ATLANTA, Georgia (41NBC/WMGT) – Medical professionals, parents, and legislators met at the Georgia State Capitol on Friday to discuss a nationwide epidemic they say has gone on too long. Tears filled the room as parents struggled to tell the stories of their children–who’d fallen victim to the rampant opioid crisis.
State legislators say with the help of families they’re ‘putting a face with the epidemic’. Parents brought pictures of their now deceased children to a news conference at the state capitol on Friday.
“They are not your homeless, your low income, your low life uneducated people,” said Lisa Manning.
They were faces that most people wouldn’t expect to see when the topic concerns addiction.
“You heard several similar stories there are children who went to rehab they came they got clean then they went back and OD’d and died,” said Navicent Health’s Dr. Chris Hendry
Navicent Chief Medical Officer Dr. Chris Hendry says there are several contributing factors to where the opioid epidemic is now.
“What happens is when patients who suffer from substance abuse go to rehab, their dependence and tolerance for the drug drops because they’re clean. When they get back out into the community, they go and take the same dose that they had before the rehab and they overdose,” he continued.
That was the tragic story of Kathi and David Abraham–and their son Joseph whom they found dead just 5 weeks ago.
“You know about 4 years ago we found that he had been experimenting with marijuana and drinking and we didn’t know as a parent if this was normal teenage experimentation or if there was something more,” said Kathi Abraham.
It was the same case for neighbors of the Abrahams, Greg and Lisa Manning’s and their son Dustin. Despite both of their losses, they want help other parents facing the same issue.

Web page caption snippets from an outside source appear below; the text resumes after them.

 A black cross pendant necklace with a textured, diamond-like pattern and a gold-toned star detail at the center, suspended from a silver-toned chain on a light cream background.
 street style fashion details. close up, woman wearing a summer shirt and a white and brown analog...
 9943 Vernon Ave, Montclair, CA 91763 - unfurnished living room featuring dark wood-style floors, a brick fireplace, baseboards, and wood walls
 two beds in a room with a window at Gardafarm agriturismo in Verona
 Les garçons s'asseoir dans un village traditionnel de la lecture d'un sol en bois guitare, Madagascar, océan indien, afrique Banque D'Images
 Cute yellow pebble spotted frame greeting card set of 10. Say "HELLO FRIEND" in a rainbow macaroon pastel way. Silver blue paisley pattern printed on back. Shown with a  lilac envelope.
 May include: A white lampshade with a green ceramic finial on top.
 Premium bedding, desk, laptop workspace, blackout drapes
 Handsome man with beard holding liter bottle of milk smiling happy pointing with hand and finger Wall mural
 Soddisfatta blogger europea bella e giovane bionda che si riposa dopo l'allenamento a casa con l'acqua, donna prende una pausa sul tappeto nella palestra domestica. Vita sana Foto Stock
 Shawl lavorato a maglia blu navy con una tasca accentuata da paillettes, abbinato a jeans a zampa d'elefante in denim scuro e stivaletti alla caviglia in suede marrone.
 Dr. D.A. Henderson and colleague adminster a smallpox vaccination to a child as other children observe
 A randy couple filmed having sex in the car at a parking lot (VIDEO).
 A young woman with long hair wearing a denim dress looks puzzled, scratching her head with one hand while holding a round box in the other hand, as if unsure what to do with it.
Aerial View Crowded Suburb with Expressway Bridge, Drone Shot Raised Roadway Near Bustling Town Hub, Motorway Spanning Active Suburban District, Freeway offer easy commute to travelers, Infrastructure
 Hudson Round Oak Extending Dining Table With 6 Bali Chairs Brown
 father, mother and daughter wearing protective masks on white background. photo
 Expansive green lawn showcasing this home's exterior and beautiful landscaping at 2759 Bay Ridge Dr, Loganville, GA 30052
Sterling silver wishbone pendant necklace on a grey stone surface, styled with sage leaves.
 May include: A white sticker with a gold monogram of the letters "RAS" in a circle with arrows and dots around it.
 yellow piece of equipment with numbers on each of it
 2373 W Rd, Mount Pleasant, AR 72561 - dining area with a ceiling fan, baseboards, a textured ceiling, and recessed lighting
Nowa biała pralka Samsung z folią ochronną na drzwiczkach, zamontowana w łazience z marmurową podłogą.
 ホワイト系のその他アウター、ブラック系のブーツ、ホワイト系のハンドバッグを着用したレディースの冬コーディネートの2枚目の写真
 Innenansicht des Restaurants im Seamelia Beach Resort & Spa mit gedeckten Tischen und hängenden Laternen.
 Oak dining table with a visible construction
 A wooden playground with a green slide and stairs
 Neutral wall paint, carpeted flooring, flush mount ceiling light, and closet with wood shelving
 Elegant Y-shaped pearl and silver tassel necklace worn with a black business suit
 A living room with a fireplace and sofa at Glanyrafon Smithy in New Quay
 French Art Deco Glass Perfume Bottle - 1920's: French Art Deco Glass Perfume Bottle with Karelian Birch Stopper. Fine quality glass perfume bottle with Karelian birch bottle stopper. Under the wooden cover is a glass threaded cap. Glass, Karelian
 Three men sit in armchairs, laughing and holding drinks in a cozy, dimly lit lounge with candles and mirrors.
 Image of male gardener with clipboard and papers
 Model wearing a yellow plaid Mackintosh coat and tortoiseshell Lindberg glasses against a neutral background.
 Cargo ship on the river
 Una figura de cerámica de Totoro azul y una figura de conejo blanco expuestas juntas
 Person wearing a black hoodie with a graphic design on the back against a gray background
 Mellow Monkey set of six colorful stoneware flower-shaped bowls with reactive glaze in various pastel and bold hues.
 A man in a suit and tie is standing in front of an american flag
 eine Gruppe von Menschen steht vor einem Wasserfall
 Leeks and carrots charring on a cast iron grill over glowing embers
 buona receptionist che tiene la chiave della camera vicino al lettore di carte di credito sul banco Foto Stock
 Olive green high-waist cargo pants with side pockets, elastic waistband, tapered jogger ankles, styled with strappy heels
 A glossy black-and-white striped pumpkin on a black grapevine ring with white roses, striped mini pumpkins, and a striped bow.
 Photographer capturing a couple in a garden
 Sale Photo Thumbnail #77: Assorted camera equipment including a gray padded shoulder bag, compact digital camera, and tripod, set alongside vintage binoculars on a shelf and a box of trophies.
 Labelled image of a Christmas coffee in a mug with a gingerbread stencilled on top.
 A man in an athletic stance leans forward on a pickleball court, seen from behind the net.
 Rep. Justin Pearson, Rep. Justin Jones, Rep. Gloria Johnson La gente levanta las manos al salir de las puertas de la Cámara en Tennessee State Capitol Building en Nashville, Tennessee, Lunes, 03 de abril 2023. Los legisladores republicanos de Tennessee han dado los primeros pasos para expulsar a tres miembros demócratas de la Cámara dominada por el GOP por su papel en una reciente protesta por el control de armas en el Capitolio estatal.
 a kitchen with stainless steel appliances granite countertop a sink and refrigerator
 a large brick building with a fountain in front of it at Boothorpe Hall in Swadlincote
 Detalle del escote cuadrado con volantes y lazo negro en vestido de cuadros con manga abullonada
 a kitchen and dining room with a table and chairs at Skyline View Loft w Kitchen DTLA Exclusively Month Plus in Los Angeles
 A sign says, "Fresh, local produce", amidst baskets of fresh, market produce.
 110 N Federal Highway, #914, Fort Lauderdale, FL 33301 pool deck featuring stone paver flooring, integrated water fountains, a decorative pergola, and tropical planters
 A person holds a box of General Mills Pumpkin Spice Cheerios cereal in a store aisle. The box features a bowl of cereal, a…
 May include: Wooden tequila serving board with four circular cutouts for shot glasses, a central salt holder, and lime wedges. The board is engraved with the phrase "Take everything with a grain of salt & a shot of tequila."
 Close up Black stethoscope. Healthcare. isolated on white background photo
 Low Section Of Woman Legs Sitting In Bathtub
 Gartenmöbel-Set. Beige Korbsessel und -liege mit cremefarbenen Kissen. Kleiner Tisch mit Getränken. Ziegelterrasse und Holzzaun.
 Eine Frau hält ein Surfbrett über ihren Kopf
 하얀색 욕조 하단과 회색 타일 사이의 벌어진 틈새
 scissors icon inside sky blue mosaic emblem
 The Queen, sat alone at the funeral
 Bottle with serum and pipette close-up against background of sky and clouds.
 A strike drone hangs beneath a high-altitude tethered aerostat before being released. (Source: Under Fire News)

“You could pick any picture out there and its not immune to anyone it will grab anyone that’s got that built into their DNA and it will turn that switch on and that is a battle that they will fight for the rest of their life,” said Greg Manning.
“He has a name, he’s not just a statistic, he needed help and I think it’s my vision is to begin educating our kids at an earlier age,” said Kathi Abraham.
Dustin Manning and Joseph Abraham both overdosed on the same day–in separate incidents. Navicent’s Dr. Chris Hendry says as more information on this rising problem continues to surface, be mindful and be careful. Don’t take any drugs that haven’t been prescribed to you by a licensed physician.
State Senator Renee Unterman says her goal is to help families like the Abrahams and Mannings–struggling with a loved one battling addiction. We can look forward to more laws that will help them get the resources they need going into the next legislative session.